Portare in mano agli investitori individuali il rischio di asset come cripto, azioni e obbligazioni non quotate è davvero una buona idea? Negli Stati Uniti non tutti ne sono convinti. La democratizzazione degli asset alternativi gode sì di una forte spinta commerciale — anche perché i gestori possono compensare su questi prodotti parte delle commissioni erose dalla diffusione degli ETF — ma suscita anche molte perplessità.
Il confronto tra 401(k) e previdenza complementare italiana
I piani 401(k) corrispondono, in termini previdenziali, al secondo pilastro italiano. Sono finanziati congiuntamente da lavoratore e datore di lavoro, con vantaggi fiscali sulle contribuzioni, e il paragone più vicino nel nostro ordinamento è con i fondi pensione negoziali. In entrambi i casi l’iscritto decide il livello di rischio e la composizione del portafoglio. In Italia, tuttavia, nessun fondo negoziale prevede linee con private equity o private debt, e prima di questa iniziativa anche i 401(k) li escludevano.
Gli investimenti alternativi, però, non sono estranei alla previdenza italiana: sono già parte del primo pilastro delle casse professionali, che gestiscono i contributi obbligatori degli iscritti. Secondo l’ultimo Osservatorio Mefop, gli enti di previdenza dei liberi professionisti investono in asset alternativi circa il 30% del loro patrimonio finanziario.
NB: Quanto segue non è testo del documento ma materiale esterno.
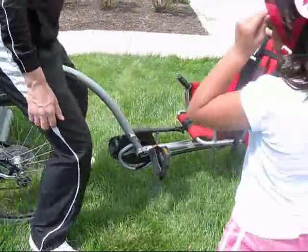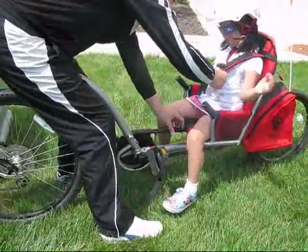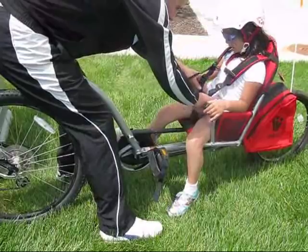Hi everyone in WeHoWorld. Let's load your child in the iGo. Straddle the push bar while they grab a seat. Lean forward and secure them in the three-point safety harness.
La gestione del rischio, in questi casi, è affidata a comitati specializzati e non alle scelte di un singolo iscritto, che potrebbe commettere errori gravi — come mantenere un’elevata esposizione azionaria a pochi mesi dalla pensione, con il rischio di vedere crollare il capitale su cui sarà calcolata la rendita.
Rischi, opportunità e interessi dietro l’apertura ai private market
Si potrebbe dunque pensare che, se le casse previdenziali trovano utile diversificare con gli alternativi, la stessa logica debba valere per il risparmio individuale. Ma la realtà è più complessa. La principale critica all’iniziativa è che introdurre asset meno liquidi, più complessi da comprendere e difficili da valutare possa aumentare la confusione e il rischio di errore per l’investitore medio, che non ha gli strumenti per orientarsi nei mercati privati.
C’è poi una differenza strutturale: una cassa previdenziale ha un orizzonte di investimento lunghissimo e flussi di cassa prevedibili, mentre il singolo iscritto vede il proprio orizzonte accorciarsi con l’avvicinarsi della pensione. In pratica, solo un investitore molto giovane potrebbe permettersi un’esposizione significativa a private equity o infrastrutture, mantenendo un profilo di rischio sostenibile.
È probabile che le autorità americane introducano vincoli basati sul ciclo di vita, per mitigare questi rischi. Ma resta il dubbio di fondo: la spinta verso i private market nei 401(k) nasce da una reale esigenza dei risparmiatori o dall’interesse dell’industria finanziaria a vendere prodotti con margini più generosi? Secondo il Wall Street Journal, la risposta è chiara almeno su un punto: “I gestori di fondi dei mercati privati hanno fatto lobbying verso l’amministrazione Trump per facilitare l’inclusione dei loro prodotti nei fondi previdenziali”.
Se e quanto questo andrà a beneficio dei risparmiatori è, invece, tutto da dimostrare.